Afin d’embellir plus encore une agglomération inscrite au Patrimoine mondial de l’humanité, le Scot préconise enfin une politique de préservation du patrimoine urbain et de mise en valeur des entrées d’agglomération.
* Biodiversité : diversité des espèces (micro-organismes, végétaux et animaux) présentes dans un milieu.
Les espaces naturels et agricoles de l’agglomération doivent répondre aux attentes croissantes des populations en matière de loisirs, de découverte et de lieux de détente. Le SCOT préconise de préserver et d’améliorer le fonctionnement de 4 grands sites nature existants : les Balmes Viennoises, le Grand Parc de Miribel, les Vallons de l’Ouest et les Monts d’Or.
La mise en réseau des parcs d’agglomération « têtes de pont de l’offre de loisirs et de découverte » , à travers des liaisons modes doux, est également préconisée dans le SCOT pour mieux structurer cette offre et l’élargir à d’éventuels nouveaux parcs (Sergent Blandan, Lyon 7e, par exemple).
Le réseau des forts et les espaces naturels qui les entourent sont identifiés par le SCOT comme points d’appui du réseau de loisirs.
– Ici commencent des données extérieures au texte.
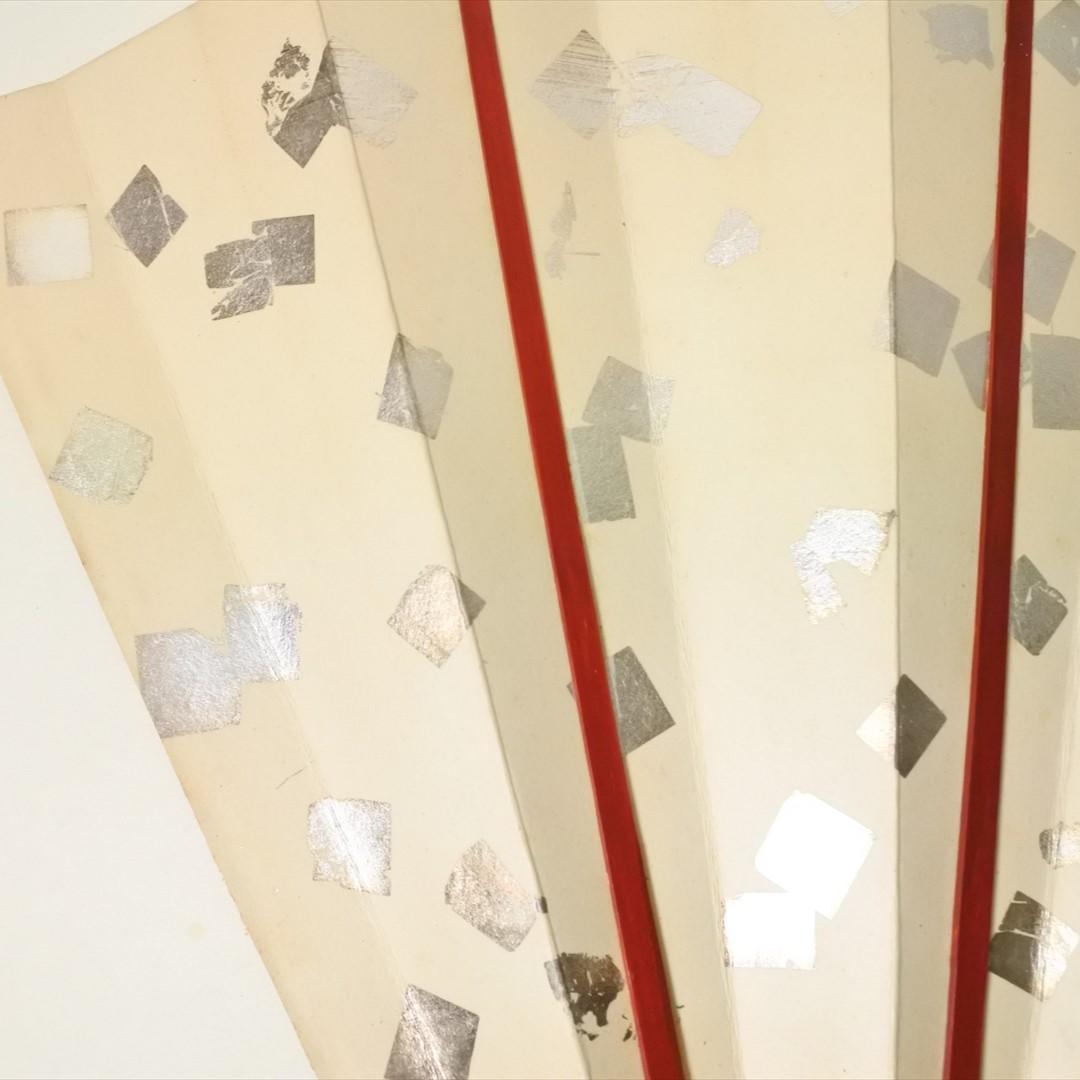 梅原龍三郎　リトグラフ　扇面裸婦図　求龍堂版 1954年　箱付　i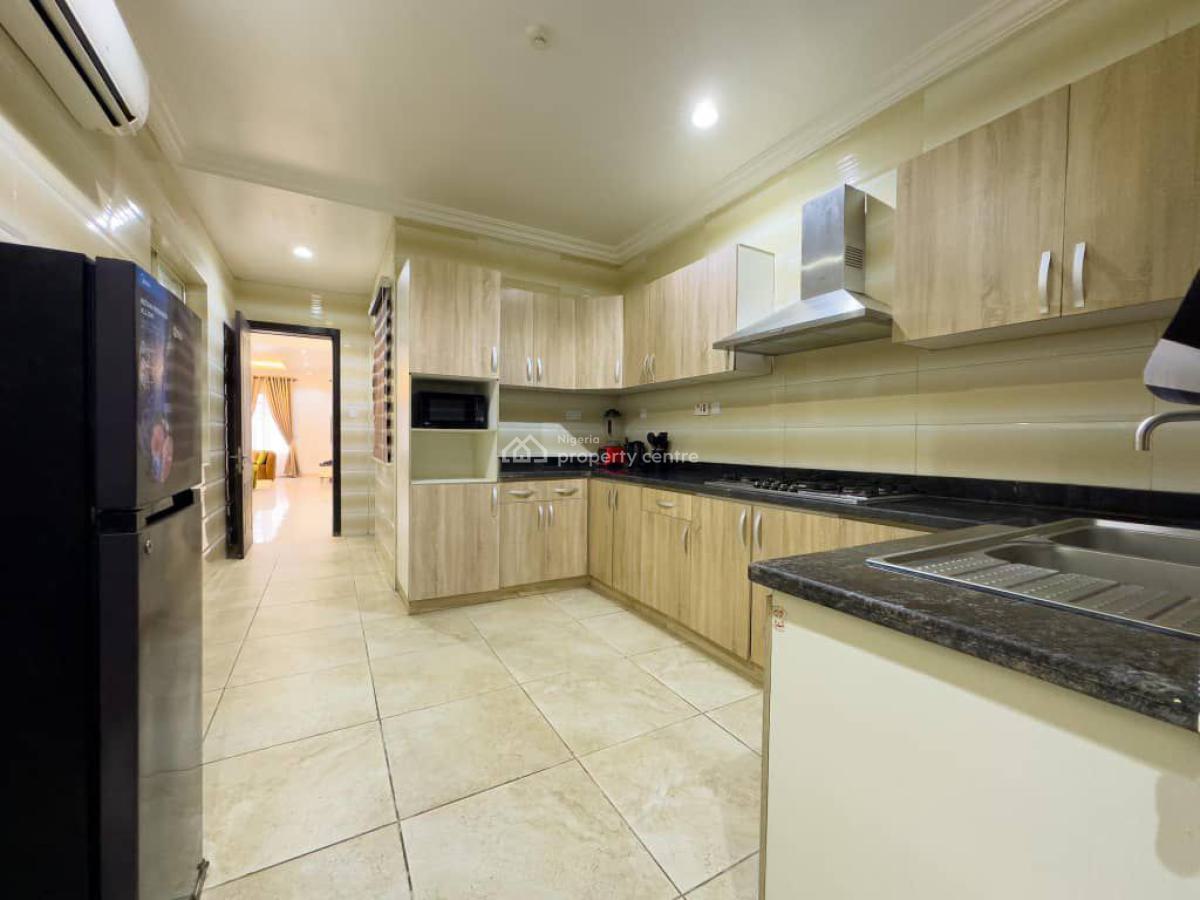 Luxury Fully Furnished 3 Bedroom Apartment, Lekki Phase 1, Lekki, Lagos, Flat / Apartment for Rent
Quant aux autres espaces de la trame verte, ils peuvent aussi assurer une fonction loisirs et découverte sous réserve du respect de leur rôle environnemental et/ou agricole. En effet, la fonction de loisirs ne doit pas porter atteinte aux autres fonctions de ces espaces.
Le SCOT favorise le développement de la végétation au coeur du territoire urbain, à travers la plantation d’arbres, la création de jardins, le verdissement des terrasses.
Enfin, il prévoit une offre de proximité en matière d’espaces verts sous la forme de jardin public, de square ou de terrain de jeux, de telle sorte que chaque habitant puisse profiter d’espaces de respiration au plus près de son domicile.
Vivre mieux, dans un cadre plus sain et plus agréable est une demande sociale forte. Le SCOT de l’agglomération lyonnaise, pour qui la santé des habitants est une priorité, fixe deux grands objectifs :
Le SCOT propose des mesures d’accompagnement permettant de mieux prendre en compte les problématiques environnementales en amont des projets d’aménagement : analyses environnementales, référentiels (zones d’activités, habitat durable, tertiaire, bâtiments d’activités).
D’autre part, le SCOT identifie l’environnement comme un facteur d’innovation. Il est en effet au cœur du développement des pôles de compétitivité, emplois verts, cleantechs ; et il contribue à l’émergence de nouvelles vocations (notamment dans la Vallée de la Chimie.
Construire une ville durable impose de garantir la pérennité des ressources, en particulier les ressources non renouvelables.
Le SCOT impose donc un principe de précaution, d’économie et de préservation pour l’eau potable notamment , en cohérence avec le SAGE* de l’Est lyonnais qui se traduira par une limitation stricte de l’urbanisation dans les secteurs de protection des captages et dans les zones humides (la nappe de l’Est lyonnais par exemple).
Le SCOT préconise également la diversification des sources d’approvisionnement pour les matériaux de construction de manière à assurer la durabilité des ressources de l’Est lyonnais au-delà de 2030.
L’économie de déplacements permise par l’organisation multipolaire et les choix d’aménagement du SCOT, en faveur des courtes distances, contribueront également à des économies d’énergie, mais aussi à préserver la qualité de l’air.
Enfin, la consommation d’espace est limitée dans les préconisations du SCOT , grâce à la préservation de l’armature verte et au choix d’une urbanisation plus intensive, privilégiant le renouvellement urbain.